Word for word, copy the entire listing below, but do not carry over any pictures.

§ RECORDED DATA
═══

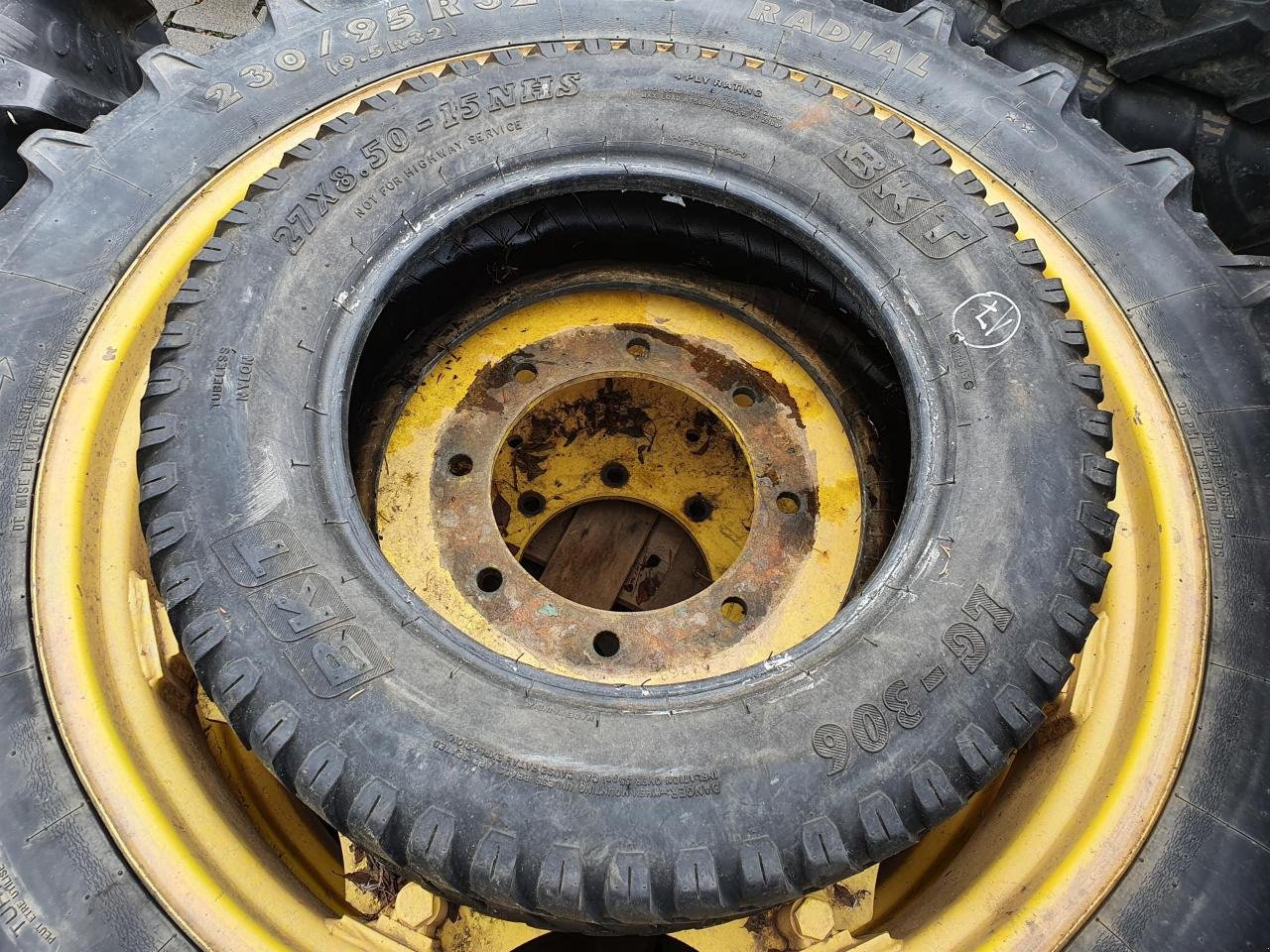 Reifen des Typs BKT 27x8.50-15NHS x1, Gebrauchtmaschine in Zweibrücken (Bild 3)
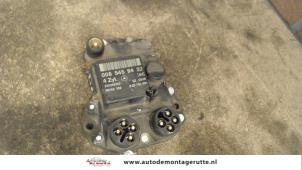 Gebruikte Module ontsteking Mercedes E (C124) 2.3 230 CE Prijs op aanvraag aangeboden door Autodemontage M.J. Rutte B.V.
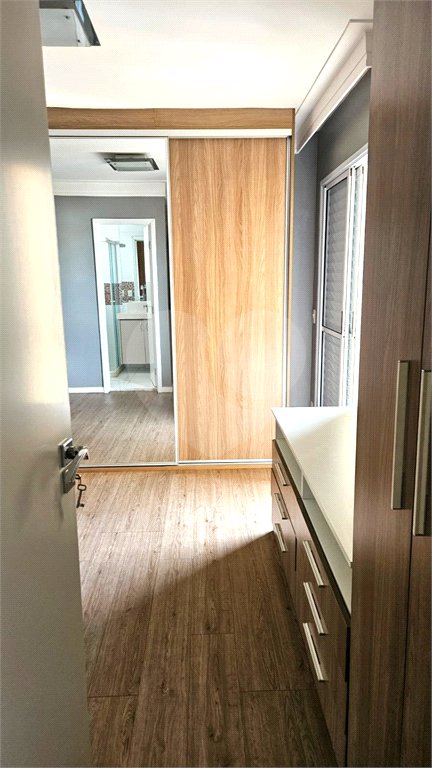 Apartamento à venda com 3 quartos, sendo 1 suíte, em Vila Paulo Silas, São Paulo, SP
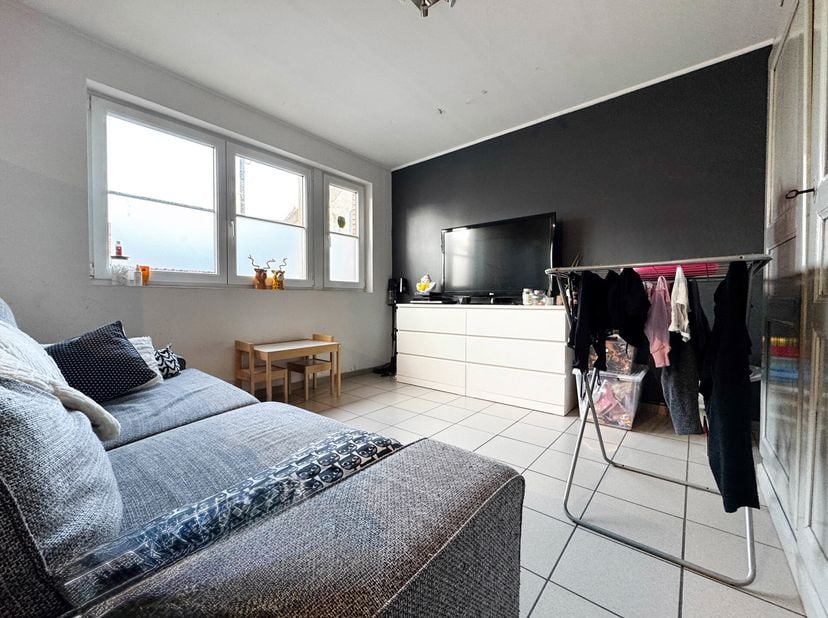 Idéalement situé sur la place du village de Kain, au rez-de-chaussée d&#039;une petite copropriété de 6 lots rénovée en 2006, ce bel appartement 2 chambres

═══

§ EXERCISE RESULT
 Reifen des Typs BKT 27x8.50-15NHS x1, Gebrauchtmaschine in Zweibrücken (Bild 3)
 Gebruikte Module ontsteking Mercedes E (C124) 2.3 230 CE Prijs op aanvraag aangeboden door Autodemontage M.J. Rutte B.V.
 Apartamento à venda com 3 quartos, sendo 1 suíte, em Vila Paulo Silas, São Paulo, SP
 Idéalement situé sur la place du village de Kain, au rez-de-chaussée d&#039;une petite copropriété de 6 lots rénovée en 2006, ce bel appartement 2 chambres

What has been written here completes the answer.